A maior perplexidade nem é essa. Os partidos podem mudar de opinião - e se compararmos este programa do PSD com o anterior, temos dois mundos diferentes. Portanto, a questão é outra. O que espanta é o líder do partido não assumir o seu próprio programa. Ora o que lá está escrito é o seguinte: “Estudar, planear e projetar uma nova ligação nacional Sul-Norte em Alta Velocidade, em bitola europeia, com as respetivas ligações à fronteira e à Europa”. Rui Rio não diz que vai fazer o TGV no dia seguinte, mas quando lemos “estudar, planear e projetar” supomos que defende a solução. Isto não é um exagero nem é 'fake-news'. O normal seria um líder defender e assumir o que tem no programa. O resto, este tipo de reação, é um mistério...
“Um dia, à noite, tivemos uma reunião em que combinámos os contratos a prazo e no outro dia fomos confrontados na Concertação Social com uma medida nova que era o período experimental e ninguém nos tinha dito nada. Depois o Governo pediu desculpa, tinha-se esquecido”. Catarina Martins, coordenadora do Bloco de Esquerda, no debate com António Costa
17 valores no índice da noiva traída. O Bloco tem um dilema: como reagir aos ataques de Costa sem ser prejudicado? O líder socialista tem procurado atrair o BE para uma armadilha: provocar uma reação a quente às críticas como quando chamou partido de “mass media” ao Bloco, em contraponto com o elogio à confiabilidade do PCP. Catarina Martins tem evitado sempre o confronto direto nestas matérias por saber que isso a prejudica. Prefere as “propostas” e evitar “intrigas”.
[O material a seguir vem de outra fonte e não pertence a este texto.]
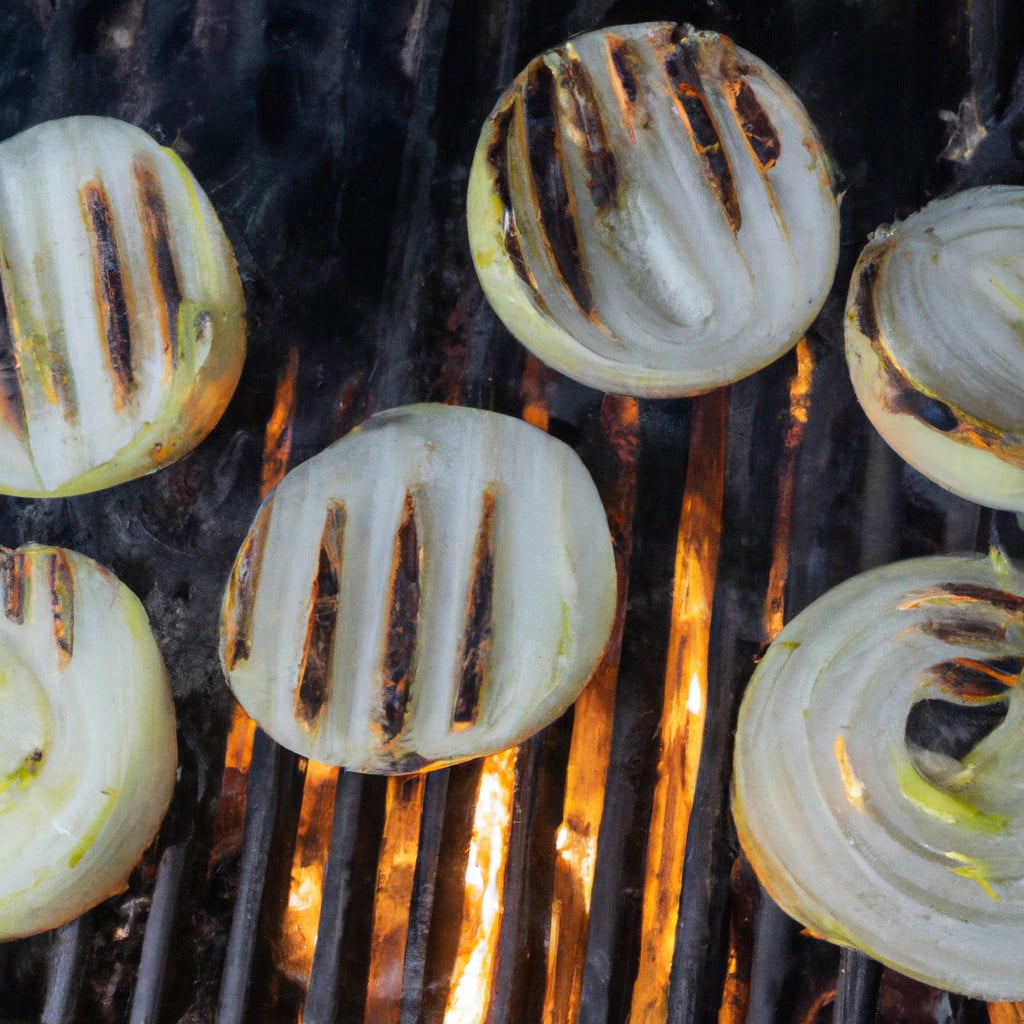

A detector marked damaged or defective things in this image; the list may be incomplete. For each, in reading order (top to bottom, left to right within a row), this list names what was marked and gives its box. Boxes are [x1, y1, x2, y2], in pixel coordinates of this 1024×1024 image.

Mas há maneira de fazer as coisas. No debate com António Costa, tentou de forma subtil dizer que o PS e o Governo não são confiáveis: combinam uma coisa e depois fazem outra, como quando chegaram a acordo na legislação laboral e depois foi tudo diferente com os patrões. Catarina acusou Costa de traição de forma velada: não diz, mas mostra e insinua - embora a subtileza do ataque obrigasse a legenda e tradução.
Na noite de que a coordenadora do Bloco falou no debate, a continuação da 'geringonça' chegou mesmo a estar em causa. E a bloquista podia ter acrescentado temas como as rendas da energia ou as PPP na Lei de Bases da Saúde. Mas os ataques nesta campanha são todos muito calculados. A esquerda ainda sonha que a 6 de outubro haja uma 'geringonça' 2.0 e isso não é para estragar com diatribes de campanha.
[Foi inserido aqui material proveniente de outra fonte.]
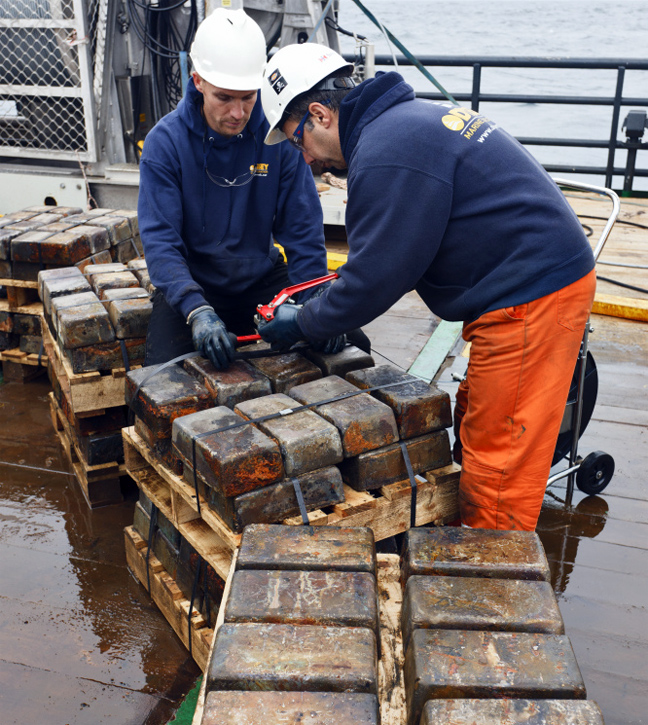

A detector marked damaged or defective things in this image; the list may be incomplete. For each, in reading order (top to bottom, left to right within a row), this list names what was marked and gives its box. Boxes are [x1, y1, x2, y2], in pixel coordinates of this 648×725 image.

“Isso era ecologiazinha dos anos 80, doutor Rui Rio, estamos no século XXI” André Silva, porta-voz do PAN, no debate com Rui Rio
17 valores no índice de carnivorismo. André Silva é vegan à mesa, mas esta segunda-feira foi carnívoro na política. Depois de uma entrevista ao Expresso muito vegetarianamente simpática para António Costa - com todas as portas e janelas abertas para um entendimento - no debate com Rui Rio apareceu transfigurado: ao ataque, puxou o líder do PSD para o seu terreno, a proteção dos animais e a descarbonização da economia, e forçou Rio a dois erros, ao criticar uma lei que o próprio PSD aprovou sobre o abate de animais e ao levar o social-democrata a falhar o tiro na resposta às políticas sobre a vida ativa dos reformados.
A metáfora tem um autor. Há uns anos, Marcelo Rebelo de Sousa criticou o então Presidente Cavaco Silva por ser “herbívoro” devido a uma interpretação minimalista dos poderes presidenciais. Quanto a André Silva, não foi herbívoro perante Rui Rio. Depois de Marques Mendes o ter criticado, no domingo, por ser mal preparado, o líder do PAN tentou morder a carne e o osso do adversário, ao procurar demonstrar que a linguagem e a política ambiental do PSD estão desfasadas do atual momento político. Falou para o seu público alvo e nisso foi eficaz.
“Fundamentalista” ou não como Rio apontou, percebeu-se porque é que André Silva consegue conquistar um nicho de eleitorado. Só vence na política do século XXI quem percebe os tempos em que vive. Sobram por aí péssimos exemplos de novos vencedores, mas André Silva mordeu as canelas do adversário. Vamos ver como aparece ele na quarta-feira no debate com António Costa. Temos político?